PyCSEP provides routines to evaluate both gridded and catalog-based earthquake forecasts. This page explains how to use the forecast evaluation routines and also how to build “mock” forecast and catalog classes to accommodate different custom forecasts and catalogs.

Gridded-forecast evaluations

Grid-based earthquake forecasts assume earthquakes occur in discrete space-time-magnitude bins and their rate-of- occurrence can be defined using a single number in each magnitude bin. Each space-time-magnitude bin is assumed to be an independent Poisson random variable. Therefore, we use likelihood-based evaluation metrics to compare these forecasts against observations.

PyCSEP provides two groups of evaluation metrics for grid-based earthquake forecasts. The first are known as consistency tests and they verify whether a forecast in consistent with an observation. The second are comparative tests that can be used to compare the performance of two (or more) competing forecasts. PyCSEP implements the following evaluation routines for grid-based forecasts. These functions are intended to work with GriddedForecasts and CSEPCatalogs`. Visit the catalogs reference and the forecasts reference to learn more about to import your forecasts and catalogs into PyCSEP.


Grid-based forecast evaluations act directly on the forecasts and catalogs as they are supplied to the function. Any filtering of catalogs and/or scaling of forecasts must be done before calling the function. This must be done before evaluating the forecast and should be done consistently between all forecasts that are being compared.

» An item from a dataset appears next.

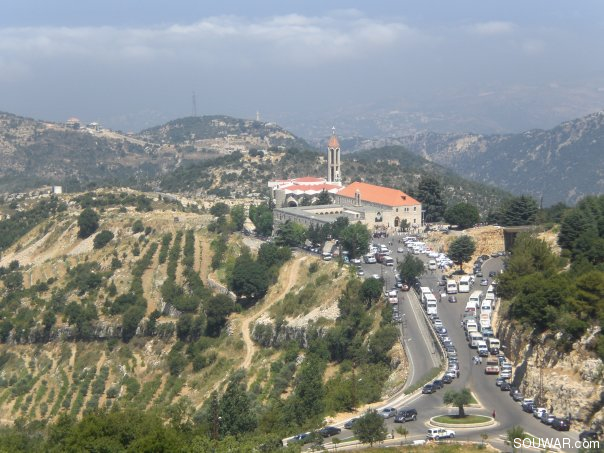 Mar Chabel - Saint Charbel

See the example for gridded forecast evaluation for an end-to-end walkthrough on how to evaluate a gridded earthquake forecast.

Consistency tests

number_test(gridded_forecast, observed_catalog)

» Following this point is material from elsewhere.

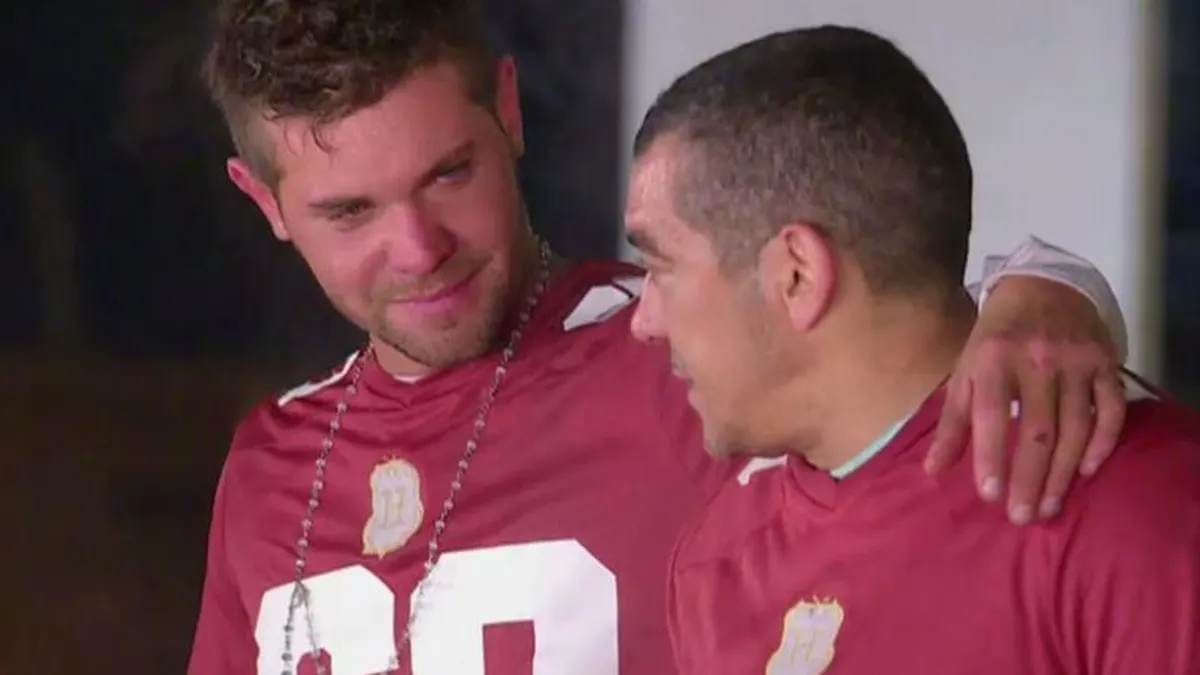 Quién es el nuevo eliminado de El Hotel de los Famosos.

Computes "N-Test" on a gridded forecast.

magnitude_test(gridded_forecast, ...[, ...])

Performs the Magnitude Test on a Gridded Forecast using an observed catalog.

spatial_test(gridded_forecast, observed_catalog)

Performs the Spatial Test on the Forecast using the Observed Catalogs.

likelihood_test(gridded_forecast, ...[, ...])

Performs the likelihood test on Gridded Forecast using an Observed Catalog.

conditional_likelihood_test(...[, ...])

Performs the conditional likelihood test on Gridded Forecast using an Observed Catalog.

Comparative tests

paired_t_test(forecast, benchmark_forecast, ...)

Computes the t-test for gridded earthquake forecasts.

w_test(gridded_forecast1, gridded_forecast2, ...)

Calculate the Single Sample Wilcoxon signed-rank test between two gridded forecasts.

Publication references

  1. Number test (Schorlemmer et al., 2007; Zechar et al., 2010)

  2. Magnitude test (Zechar et al., 2010)

  3. Spatial test (Zechar et al., 2010)

  4. Likelihood test (Schorlemmer et al., 2007; Zechar et al., 2010)

  5. Conditional likelihood test (Werner et al., 2011)

  6. Paired t test (Rhoades et al., 2011)

  7. Wilcoxon signed-rank test (Rhoades et al., 2011)

Catalog-based forecast evaluations

Catalog-based forecasts are issued as a family of stochastic event sets (synthetic earthquake catalogs) and can express the full uncertainty of the forecasting model. Additionally, these forecasts retain the inter-event dependencies that are lost when using discrete space-time-magnitude grids. This problem can impact the evaluation performance of time-dependent forecasts like the epidemic type aftershock sequence model (ETAS).

In order to support generative or simulator-based models, we define a suite of consistency tests that compare forecasted distributions against observations without the use of a parametric likelihood function. These evaluations take advantage of the fact that the forecast and the observations are both earthquake catalogs. Therefore, we can compute identical statistics from these catalogs and compare them against one another.

We provide four statistics that probe fundamental aspects of the earthquake forecasts. Please see Savran et al., 2020 for a complete description of the individual tests. For the implementation details please follow the links below and see the example for catalog-based forecast evaluation for an end-to-end walk through.

Consistency tests

number_test(forecast, observed_catalog[, ...])

Performs the number test on a catalog-based forecast.

spatial_test(forecast, observed_catalog[, ...])

Performs spatial test for catalog-based forecasts.

magnitude_test(forecast, observed_catalog[, ...])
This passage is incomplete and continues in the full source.